Brief descriptive captions
=== Begin Enclosure ===
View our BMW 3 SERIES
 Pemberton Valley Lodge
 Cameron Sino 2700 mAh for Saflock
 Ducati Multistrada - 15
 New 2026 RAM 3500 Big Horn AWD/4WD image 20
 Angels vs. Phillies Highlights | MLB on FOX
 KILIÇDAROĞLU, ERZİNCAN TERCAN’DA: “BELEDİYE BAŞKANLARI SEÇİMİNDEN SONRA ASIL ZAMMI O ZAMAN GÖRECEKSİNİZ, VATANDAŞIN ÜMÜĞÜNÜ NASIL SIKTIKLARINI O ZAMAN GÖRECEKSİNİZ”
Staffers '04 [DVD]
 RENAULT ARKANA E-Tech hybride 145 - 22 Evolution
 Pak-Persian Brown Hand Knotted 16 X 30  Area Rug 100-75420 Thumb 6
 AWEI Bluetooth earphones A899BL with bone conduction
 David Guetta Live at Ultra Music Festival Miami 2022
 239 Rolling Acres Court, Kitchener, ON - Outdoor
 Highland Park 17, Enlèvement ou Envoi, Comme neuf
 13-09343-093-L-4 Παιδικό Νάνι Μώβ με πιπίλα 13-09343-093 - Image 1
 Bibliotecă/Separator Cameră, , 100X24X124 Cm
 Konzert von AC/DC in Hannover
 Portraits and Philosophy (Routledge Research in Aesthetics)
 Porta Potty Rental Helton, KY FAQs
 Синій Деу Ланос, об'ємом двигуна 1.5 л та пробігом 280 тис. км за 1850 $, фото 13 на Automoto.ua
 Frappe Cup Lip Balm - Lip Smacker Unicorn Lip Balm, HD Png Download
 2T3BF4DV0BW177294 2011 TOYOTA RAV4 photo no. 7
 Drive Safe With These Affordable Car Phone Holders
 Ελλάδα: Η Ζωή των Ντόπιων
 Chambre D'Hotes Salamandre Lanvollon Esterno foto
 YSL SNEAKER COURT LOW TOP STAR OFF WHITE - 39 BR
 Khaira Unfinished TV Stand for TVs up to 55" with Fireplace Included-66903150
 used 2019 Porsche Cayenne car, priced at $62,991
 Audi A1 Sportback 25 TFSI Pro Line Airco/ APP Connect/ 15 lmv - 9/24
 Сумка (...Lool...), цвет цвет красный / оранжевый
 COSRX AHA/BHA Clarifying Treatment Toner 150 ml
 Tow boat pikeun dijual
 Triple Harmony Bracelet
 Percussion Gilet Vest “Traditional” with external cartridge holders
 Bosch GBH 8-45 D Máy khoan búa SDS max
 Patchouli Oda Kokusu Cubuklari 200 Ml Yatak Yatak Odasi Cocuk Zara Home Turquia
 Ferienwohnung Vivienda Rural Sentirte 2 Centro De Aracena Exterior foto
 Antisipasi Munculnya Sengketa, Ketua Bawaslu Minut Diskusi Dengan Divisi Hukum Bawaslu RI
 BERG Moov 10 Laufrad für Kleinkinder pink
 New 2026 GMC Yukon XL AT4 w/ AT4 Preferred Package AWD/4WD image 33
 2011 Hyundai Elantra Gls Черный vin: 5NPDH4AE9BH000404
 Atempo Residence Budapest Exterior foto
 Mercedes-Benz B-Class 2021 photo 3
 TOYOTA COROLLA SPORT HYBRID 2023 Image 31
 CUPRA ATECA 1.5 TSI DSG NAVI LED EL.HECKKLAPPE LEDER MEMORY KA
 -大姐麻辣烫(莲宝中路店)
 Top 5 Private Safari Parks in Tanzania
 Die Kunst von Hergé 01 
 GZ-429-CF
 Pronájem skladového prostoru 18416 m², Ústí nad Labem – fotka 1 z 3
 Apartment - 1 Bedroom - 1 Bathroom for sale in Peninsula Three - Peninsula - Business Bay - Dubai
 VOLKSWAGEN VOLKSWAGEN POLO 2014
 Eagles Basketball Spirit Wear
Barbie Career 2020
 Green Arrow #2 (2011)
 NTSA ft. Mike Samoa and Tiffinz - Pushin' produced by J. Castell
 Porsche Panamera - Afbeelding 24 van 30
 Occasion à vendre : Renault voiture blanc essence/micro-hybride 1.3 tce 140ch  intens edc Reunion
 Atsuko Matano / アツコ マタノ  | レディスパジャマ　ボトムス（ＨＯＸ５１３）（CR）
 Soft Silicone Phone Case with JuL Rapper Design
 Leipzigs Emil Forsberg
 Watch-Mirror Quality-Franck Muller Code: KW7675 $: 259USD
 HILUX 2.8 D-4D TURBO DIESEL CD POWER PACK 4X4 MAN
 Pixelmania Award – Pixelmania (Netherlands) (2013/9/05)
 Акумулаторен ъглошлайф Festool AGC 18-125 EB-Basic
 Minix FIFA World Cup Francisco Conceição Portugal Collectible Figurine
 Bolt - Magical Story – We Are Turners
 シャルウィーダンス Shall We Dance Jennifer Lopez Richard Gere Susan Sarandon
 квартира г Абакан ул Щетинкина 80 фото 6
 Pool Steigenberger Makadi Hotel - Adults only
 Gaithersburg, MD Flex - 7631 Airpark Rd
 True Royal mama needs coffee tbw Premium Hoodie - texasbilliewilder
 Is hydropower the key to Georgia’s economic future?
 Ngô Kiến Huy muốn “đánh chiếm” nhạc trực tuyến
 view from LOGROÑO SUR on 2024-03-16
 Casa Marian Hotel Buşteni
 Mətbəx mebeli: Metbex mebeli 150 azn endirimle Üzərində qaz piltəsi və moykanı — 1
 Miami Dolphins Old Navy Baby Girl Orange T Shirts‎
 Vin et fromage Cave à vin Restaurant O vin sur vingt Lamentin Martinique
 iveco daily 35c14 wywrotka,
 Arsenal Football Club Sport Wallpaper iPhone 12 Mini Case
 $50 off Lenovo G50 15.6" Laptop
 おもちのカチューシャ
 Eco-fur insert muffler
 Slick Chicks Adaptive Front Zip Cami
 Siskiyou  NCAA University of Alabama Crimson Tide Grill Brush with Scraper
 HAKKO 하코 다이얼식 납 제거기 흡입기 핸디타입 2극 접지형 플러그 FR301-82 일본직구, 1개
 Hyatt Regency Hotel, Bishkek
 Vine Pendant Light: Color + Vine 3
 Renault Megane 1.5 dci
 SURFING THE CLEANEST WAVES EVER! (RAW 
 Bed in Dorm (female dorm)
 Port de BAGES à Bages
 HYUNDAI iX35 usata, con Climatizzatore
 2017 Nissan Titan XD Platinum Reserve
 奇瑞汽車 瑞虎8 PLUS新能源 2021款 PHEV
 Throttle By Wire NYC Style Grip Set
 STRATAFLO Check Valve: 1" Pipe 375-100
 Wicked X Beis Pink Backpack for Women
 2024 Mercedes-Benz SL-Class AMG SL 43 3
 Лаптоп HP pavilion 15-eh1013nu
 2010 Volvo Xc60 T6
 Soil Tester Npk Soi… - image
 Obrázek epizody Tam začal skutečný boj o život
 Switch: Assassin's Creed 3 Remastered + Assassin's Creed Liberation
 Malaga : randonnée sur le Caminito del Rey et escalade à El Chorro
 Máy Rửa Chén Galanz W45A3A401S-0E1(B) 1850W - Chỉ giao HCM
=== End Enclosure ===
> **Exercise brief**
Please work out how many lines in the data include "Mercedes"; write that number only.

> **Written response**
2